Aim To present patients investigated for narcolepsy in order to increase awareness of its clinical features.
Methods 5 patients referred with possible narcolepsy to the sleep clinic.
8 year old boy with excessive daytime sleepiness and cataplexy. HLA typing has shown HLA- DQB*06:02. MSLT showed short sleep latency. Awaiting lumbar puncture for CSF analysis of orexin level. Commenced on methylphenidate with good response.
6 year old boy with 4 year history of falling asleep quickly including very short distances in the car, at school, and before finishing meals. HLA typing is positive for DQB1*06–02. Commenced on methylphenidate.
13 year old boy with 5 year history of falling asleep several times a day often missing his bus stop and has recurrent naps in school. Commenced on methylphenidate.
13 year old girl who falls asleep in lessons however related to boredom rather than irresistable desire to fall asleep. Found to be anaemic. Commenced on iron supplementation.
8 year old girl initially presenting with excessive daytime sleepiness with hallucinations on sleeping and waking. She was HLA DQB*06–02 positive suggesting narcolepsy with hypnagogic and hypnopompic hallucinations.

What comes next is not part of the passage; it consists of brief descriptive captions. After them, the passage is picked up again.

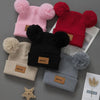 A collection of pink, red, and gray knit baby beanie hats with fluffy pom-poms displayed on a gray background.
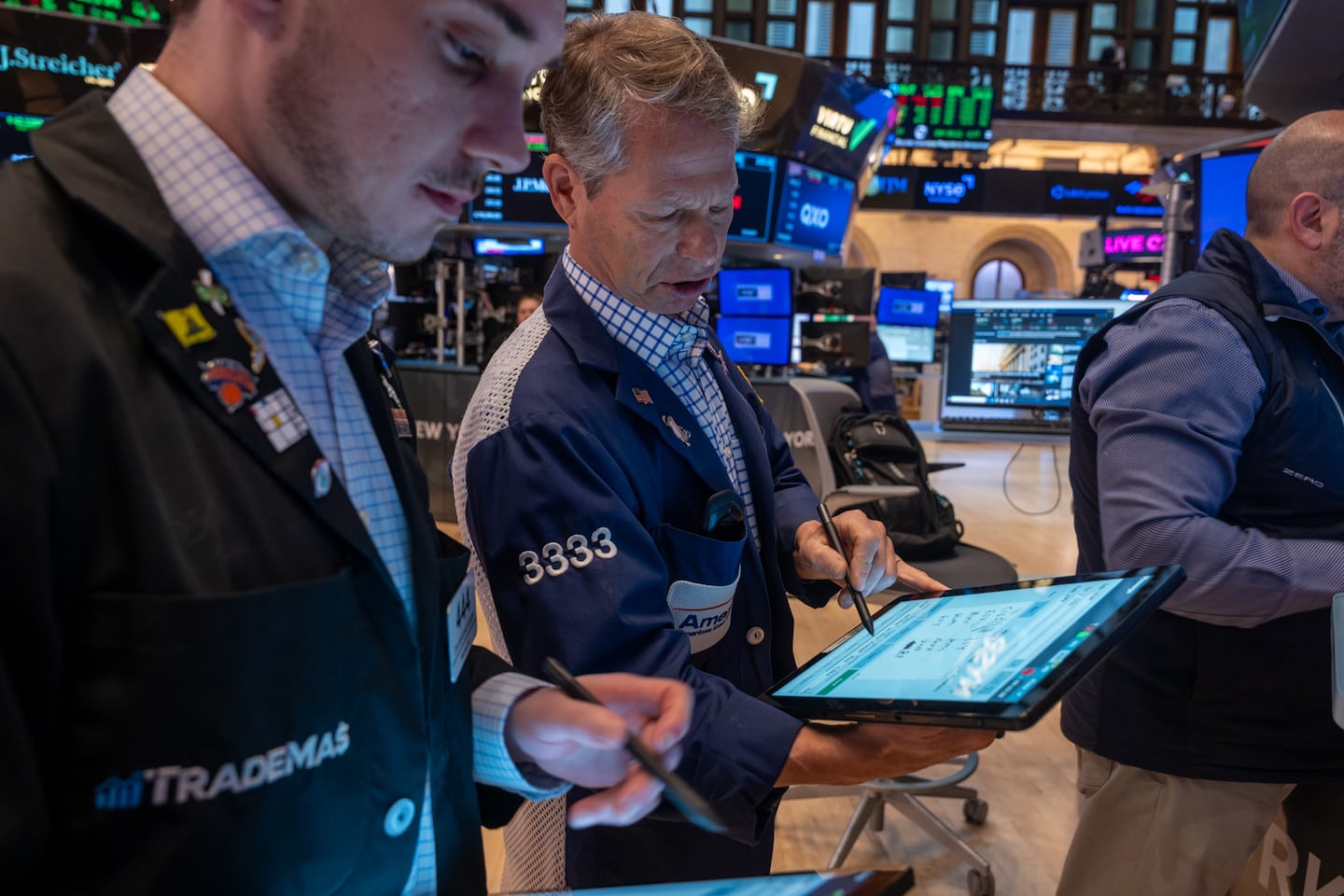 Traders work on the floor of the New York Stock Exchange in April 2025.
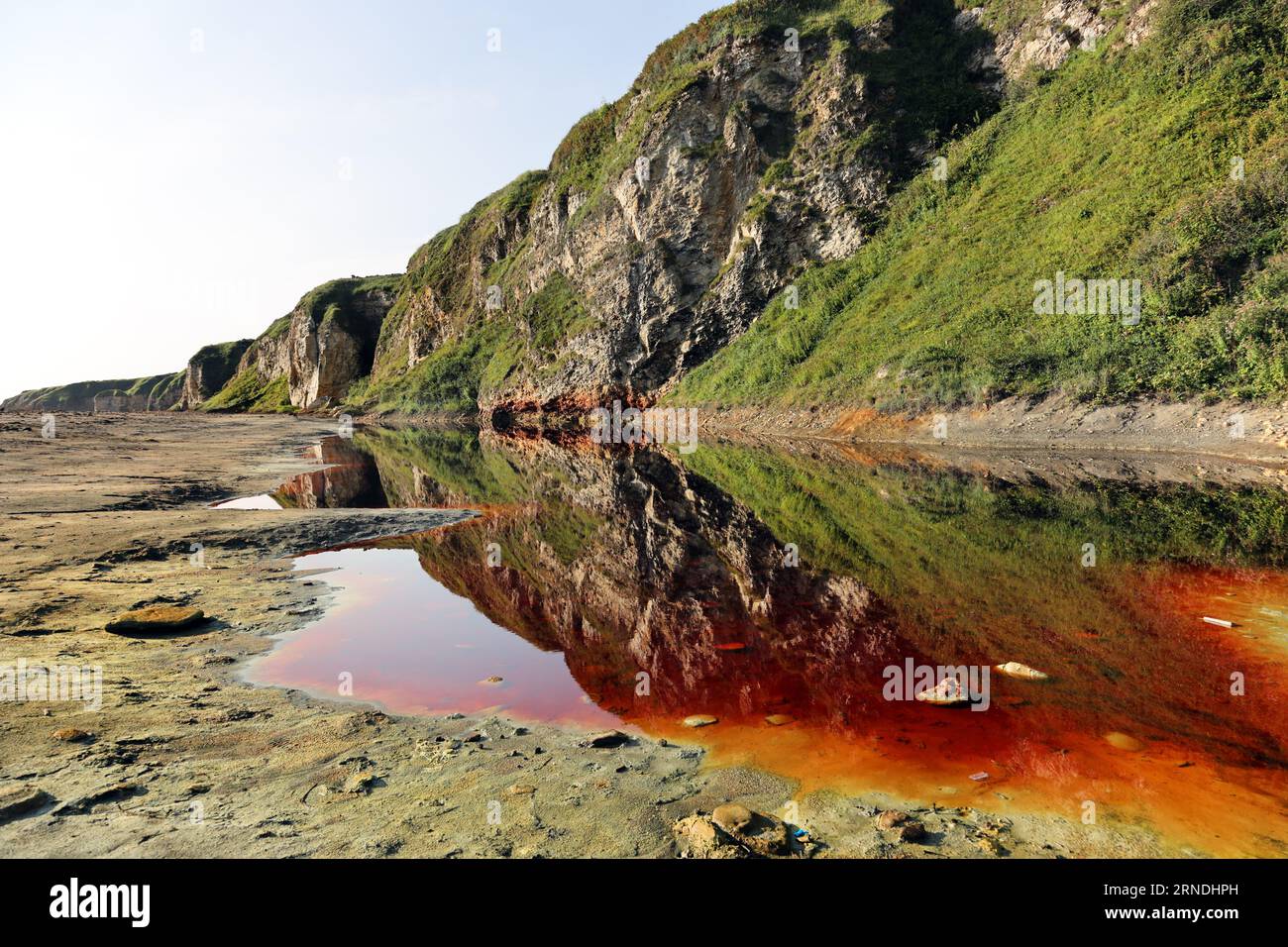 Piscine rosse di sangue con coste di zolfo gialle sulla Blast Beach, Durham Heritage Coast, Seaham, County Durham, UK Foto Stock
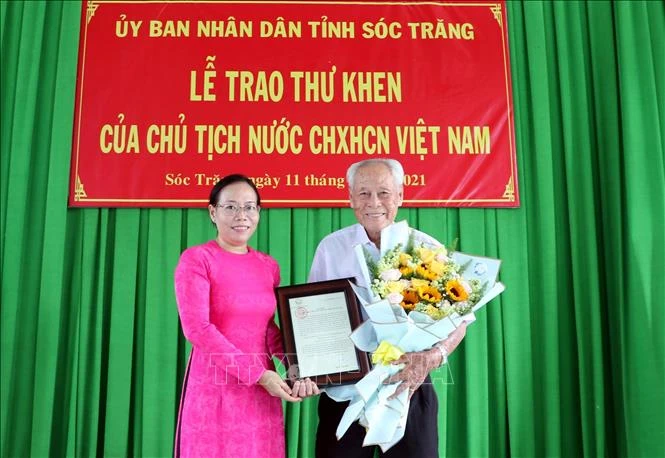 Phó Chủ tịch UBND tỉnh Sóc Trăng Huỳnh Thị Diễm Ngọc trao thư khen của Chủ tịch nước cho cụ Trần Cang. Ảnh: Trung Hiếu-TTXVN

MSLT not diagnostic of narcolepsy but had epileptiform changes on EEG. Commenced on clonazepam with improvement in hallucinations.
Conclusion Narcolepsy is an autoimmune neurological disorder characterised by excessive daytime sleepiness associated with cataplexy, hypnagogic/hypnopompic hallucinations and sleep paralysis. This frightening onset of symptoms often occurs in childhood or adolescence with a 10–14 year diagnostic delay. Often multiple misdiagnoses such as hypothyroidism, depression and epilepsy are made along the way. By presenting these patients, the features of narcolepsy are highlighted enabling Paediatricians to consider this as a diagnosis. Better recognition and earlier diagnosis can lead to earlier onset of therapeutic intervention thus leading to a lower impact on academic performance and social development.